Top of Records for processing

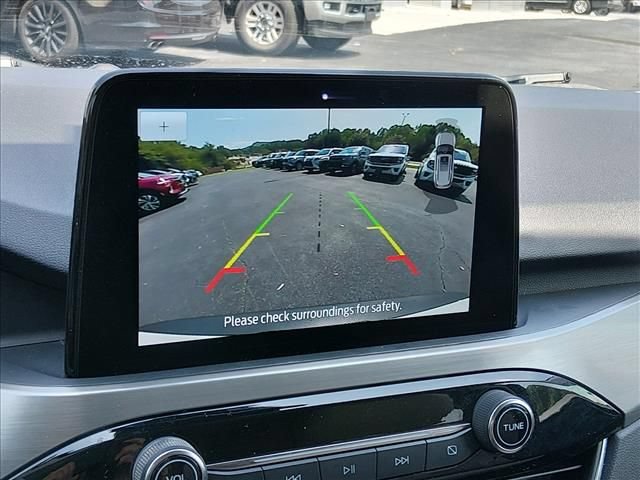 Used 2022 Ford Escape Titanium FWD image 22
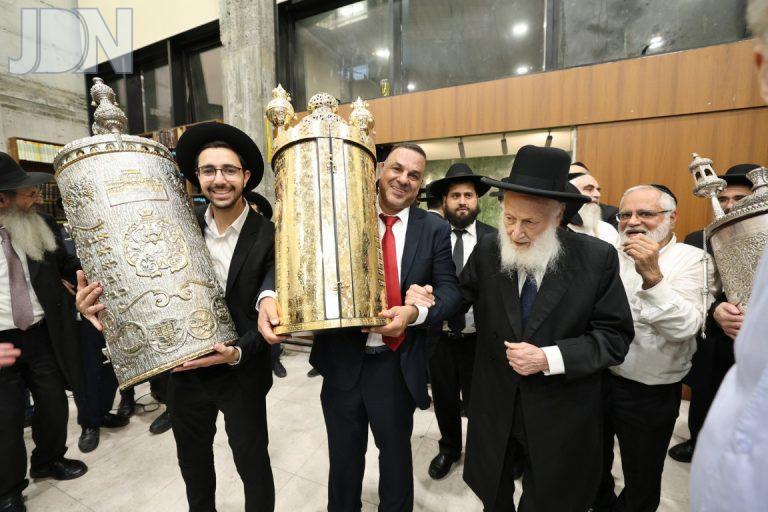 קהילת חזון יוסף חגגו הכנסת ספר תורה צילום יעקב כהן (16)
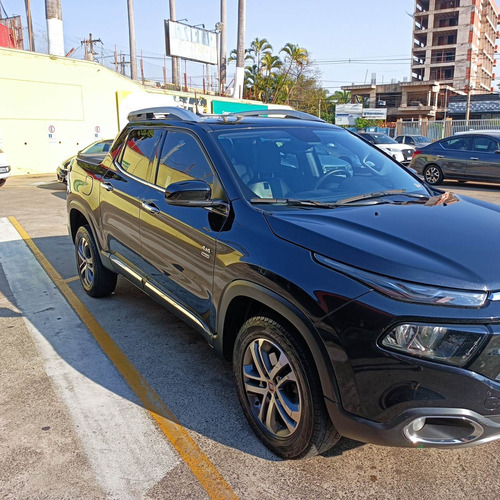 Imagem 1 de 6 de Fiat Toro 2018 2.0 Volcano 4x4 Aut. 4p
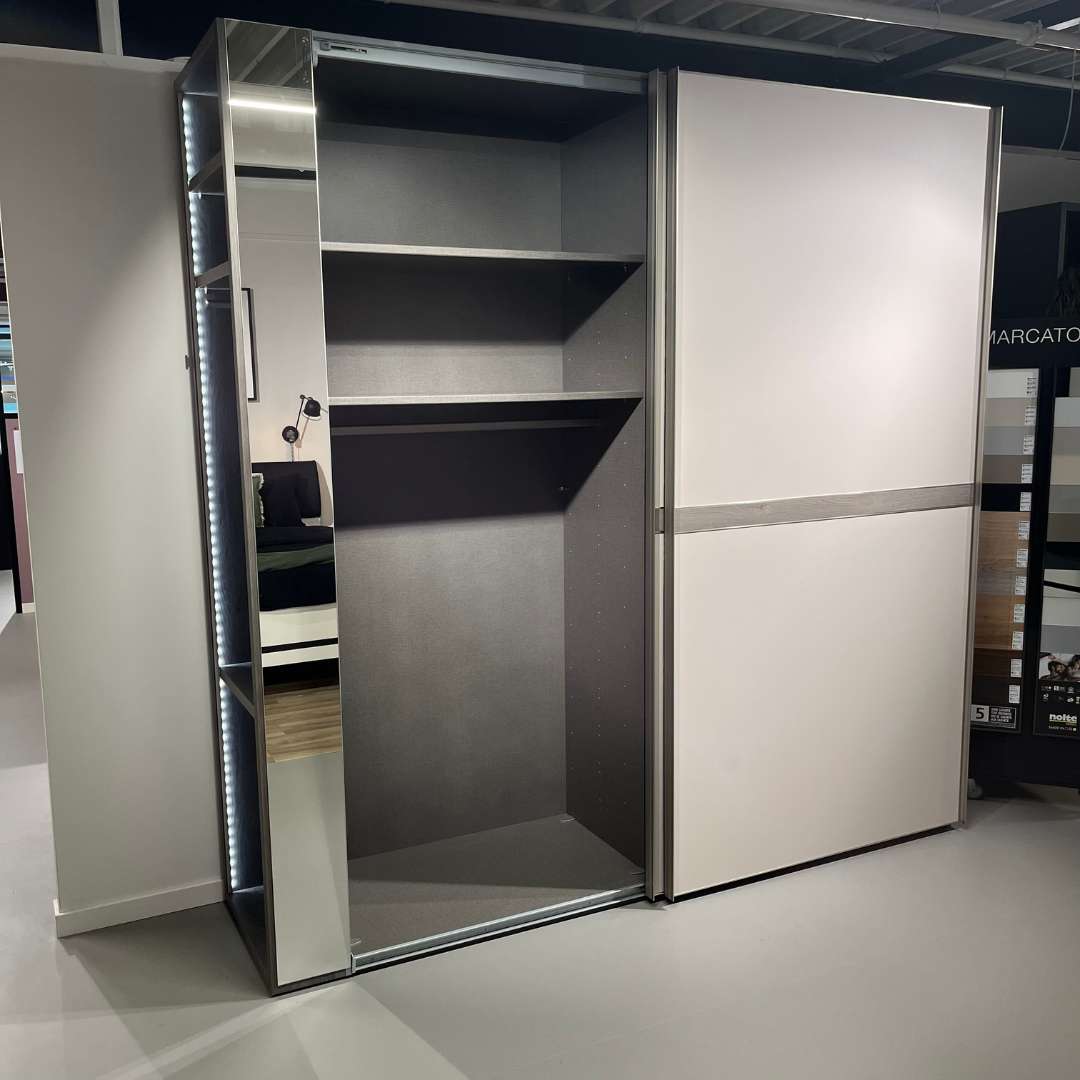 Showmodel Nolte Marcato schuifdeurkast 240 cm hoog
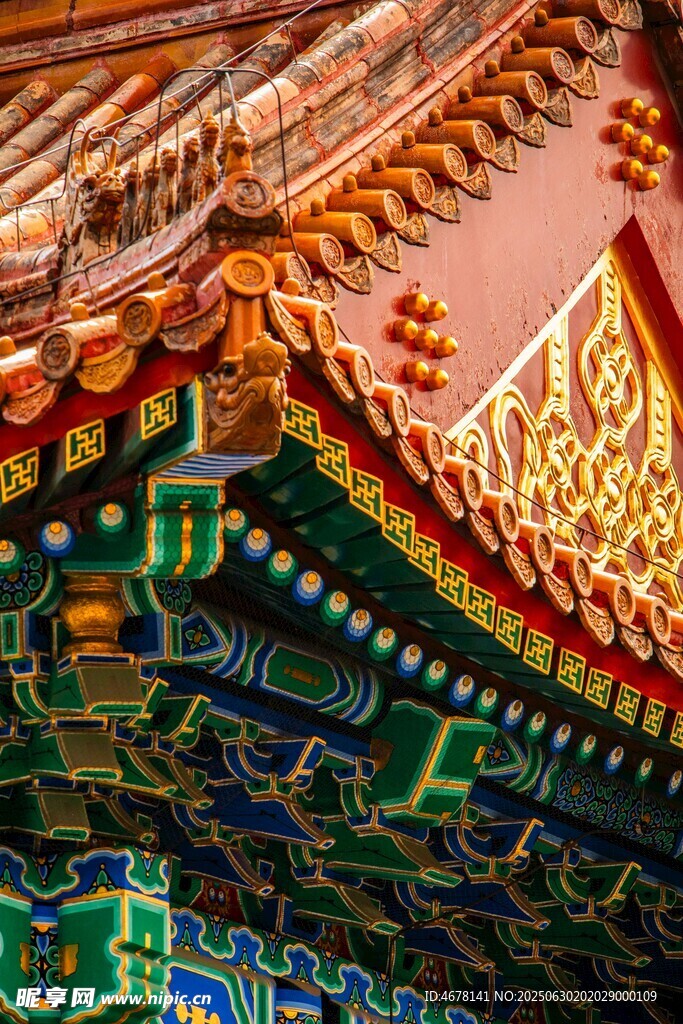 中式古建筑屋顶精美一角
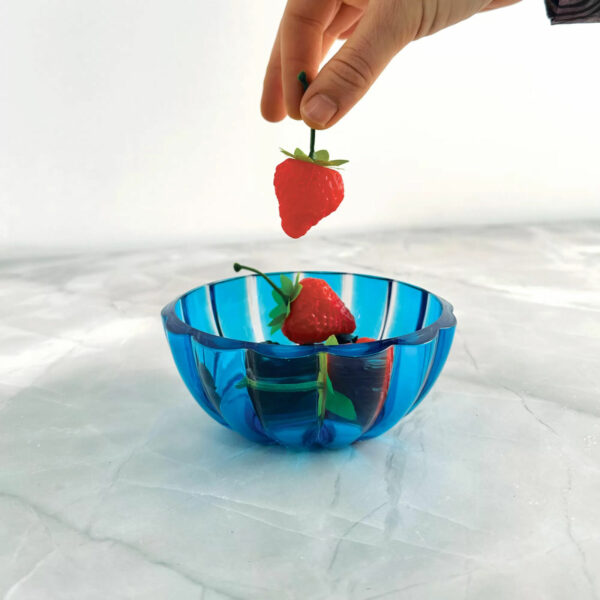 Guzzini Bellissimo Bowl - Small 12 cm - Turquoise with strawberries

Bottom of Records for processing

Task statement: Skip the pictures. Write out exactly the lines from the one with "קהילת חזון יוסף" through the last line of the listing, both ends included, and nothing more.

Task answer:
 קהילת חזון יוסף חגגו הכנסת ספר תורה צילום יעקב כהן (16)
 Imagem 1 de 6 de Fiat Toro 2018 2.0 Volcano 4x4 Aut. 4p
 Showmodel Nolte Marcato schuifdeurkast 240 cm hoog
 中式古建筑屋顶精美一角
 Guzzini Bellissimo Bowl - Small 12 cm - Turquoise with strawberries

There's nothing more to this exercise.